:: Task requirements ::
Begin at the line below that holds "So the presence" and end at the line that holds "Hey guys, welcome", transcribing each line exactly and skipping any picture.

-------- Data for this task --------

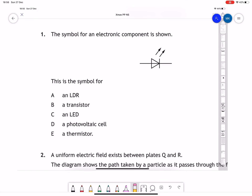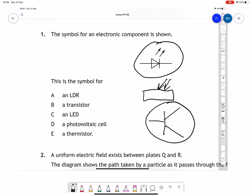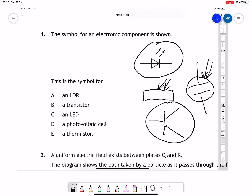Here is the Christmas past paper question one. The symbol for this thing here is called what? We've got an LDR — a light dependent resistor, which looks like that — a transistor, which looks like that, a photovoltaic cell, which looks like that, and a thermistor, which looks like that.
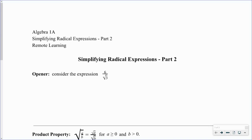In the last video we focused mainly on simplifying square roots, which involved prime factorization and the product property of radicals. Today we're going to look at what happens when we have square roots involved with division. This opener gives us a philosophy for why we're going to learn one of the skills in this video, which is called rationalizing a denominator.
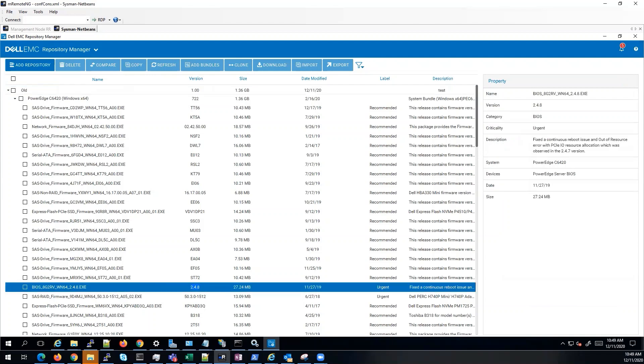And that concludes our index catalog for making older repositories. Thank you for watching and have a great day.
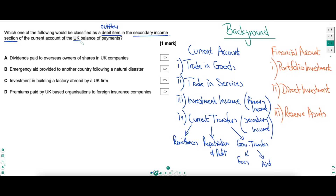To answer this question, we need to dissect the balance of payments and know what goes into its various accounts. In the current account, we look at credits and debits from trading goods, trading services, and primary and secondary income. Primary income is investment income - any income from financial investments overseas. For example, UK people holding financial investments overseas bringing returns back to the UK would be a credit, whereas foreigners holding UK financial assets and sending returns back home would be a debit. Secondary income is current transfers - this includes worker remittances, business profit repatriation, and government transfers such as paying fees or aid.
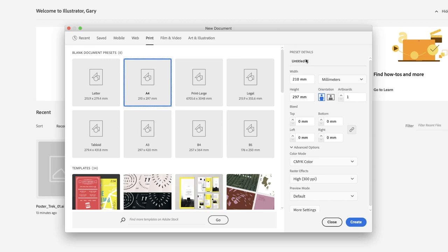and insert my cursor into the document name field. I'll name this document posters_template. I'm going to leave the width and height set to A4, which is 210 millimeters wide by 297 tall. I'll leave them set to portrait orientation.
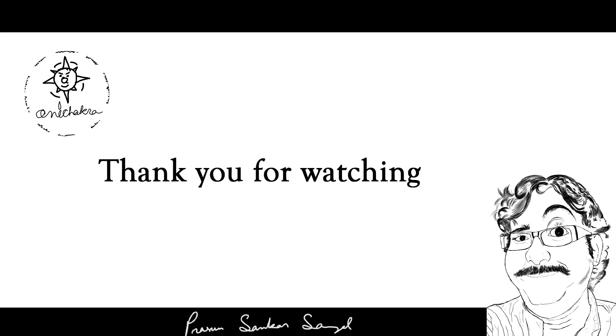So thank you for watching. If you want to see more videos like this, please subscribe.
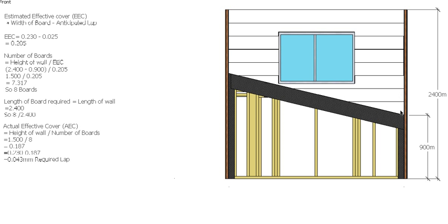So we end up with 187mm of the board visible, and they overlap by 43mm as they go up. And again, you're going to have to rip the lap off—43mm off this top board—so every board looks even all the way down to this point.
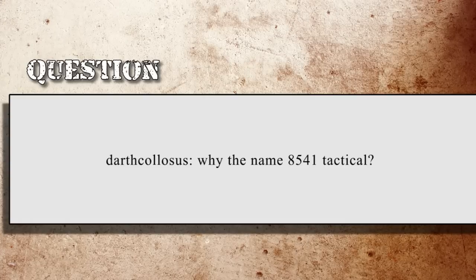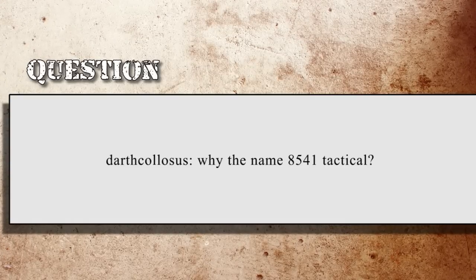Our first question is from Darth Colossus on YouTube: Why the name 8541 Tactical? Well, 8541 is the Marine Corps military occupational specialty for Marine Scout Sniper — back in the day this was a secondary MOS, and it's the MOS that I was awarded. Instead of using 'sniper tactical,' since 'sniper' is such an overused word in today's shooting industry, we decided to go with 8541 Tactical. It keeps it a little on the down low — guys that know, know what we're talking about.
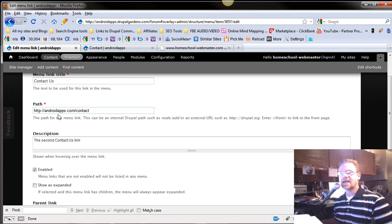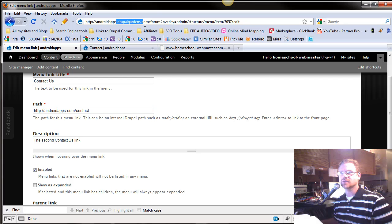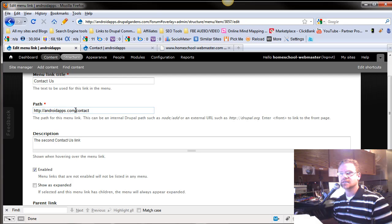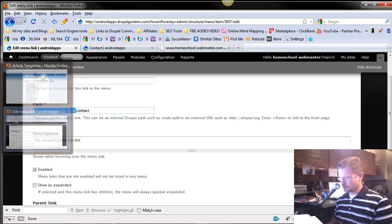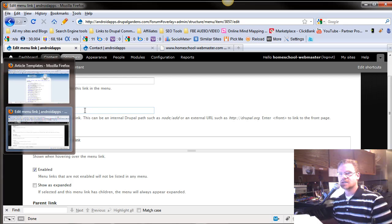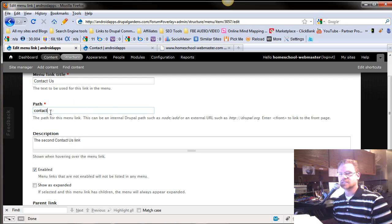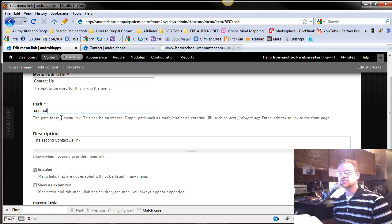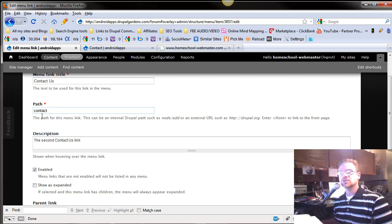In the future, you may not have the DrupalGardens.com because really in the future we want to get rid of that. So if you'll use this technique, just contacts, not forward slash anything, in the future when you change your domain name to the one you really want, you don't have to go back and re-change all your information.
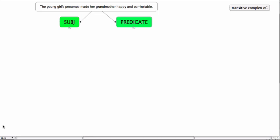So the presence made somebody different. It was this person's presence and because of that action the grandmother changed from being perhaps averagely feeling okay to being happy and comfortable. So the grandmother changed as a result of the action.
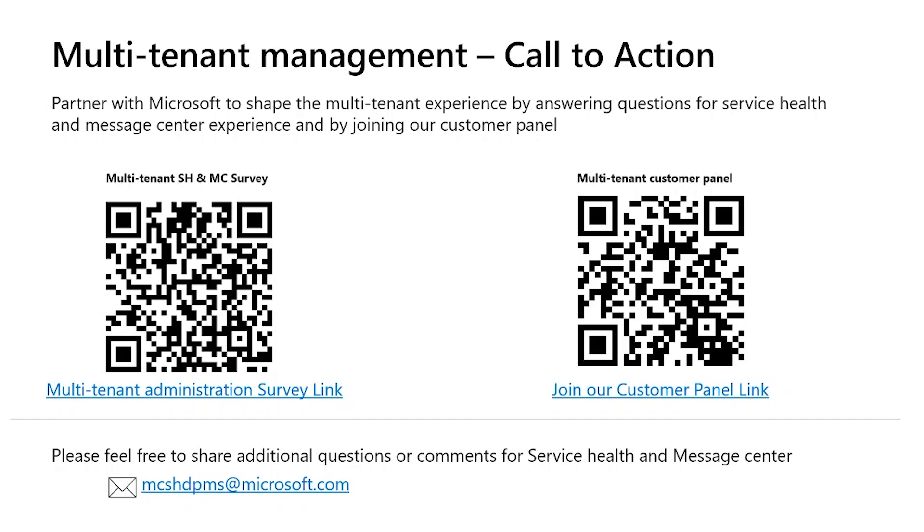So we look forward to your feedback and we hope you will be able to take the survey or will be able to join our customer panel to share your experiences. We are super excited to bring these experiences to you, and we are hoping you are just as excited. On that note, thank you very much for attending this session and have a great day.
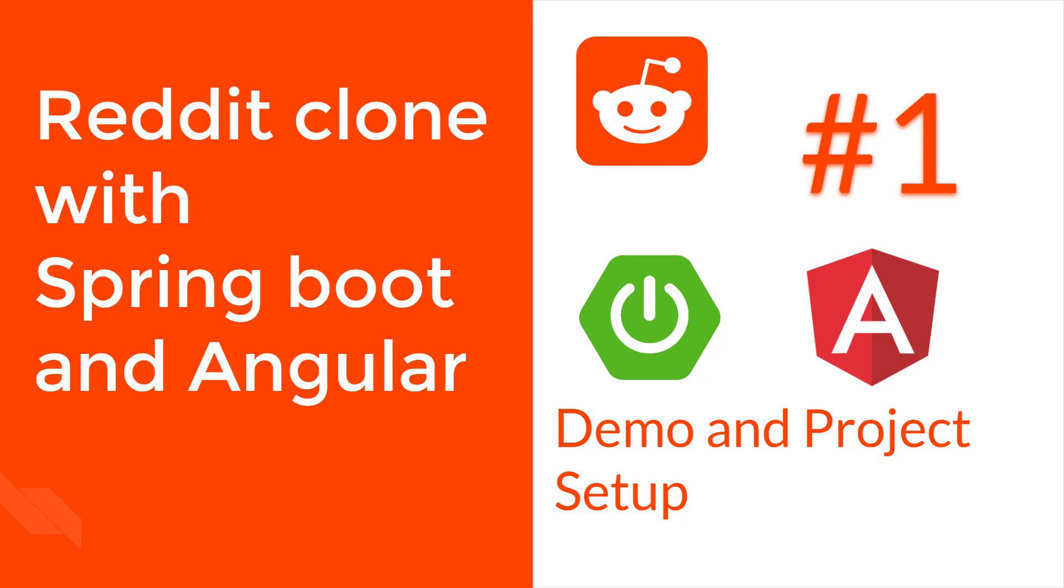Hey guys, welcome to my channel. So in this series of tutorials, we'll see how to build a Reddit clone application using Spring Boot and Angular.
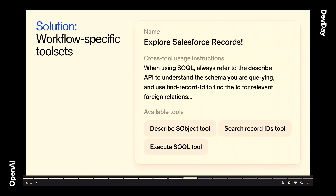Getting back to our solution at SANA, we want to handle both complex and simple workflows, so we've created an internal interface we call a toolset. A toolset has a name — here you're looking at the toolset for the Salesforce agent that queries data, called 'Explore Salesforce Records.' It has the three required tools, plus cross-tool usage instructions. Copying verbatim from the codebase: 'When using SOQL, always refer to the Describe API to understand the schema you're querying, then use the FindRecordID tool to find the ID for relevant foreign relations.' Overall, a toolset is a package that allows our agent to execute a specific workflow in a specific context.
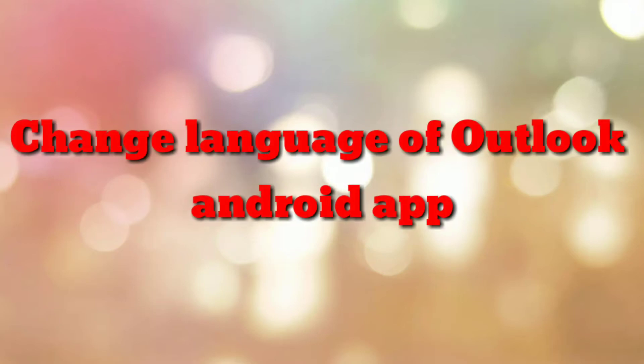Hello friends, welcome to my channel How To. In this video tutorial I am going to explain how to change language of Outlook Android app. So let's start.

--------

:: Your solution ::
So the presence made somebody different. It was this person's presence and because of that action the grandmother changed from being perhaps averagely feeling okay to being happy and comfortable. So the grandmother changed as a result of the action.
So we look forward to your feedback and we hope you will be able to take the survey or will be able to join our customer panel to share your experiences. We are super excited to bring these experiences to you, and we are hoping you are just as excited. On that note, thank you very much for attending this session and have a great day.
Hey guys, welcome to my channel. So in this series of tutorials, we'll see how to build a Reddit clone application using Spring Boot and Angular.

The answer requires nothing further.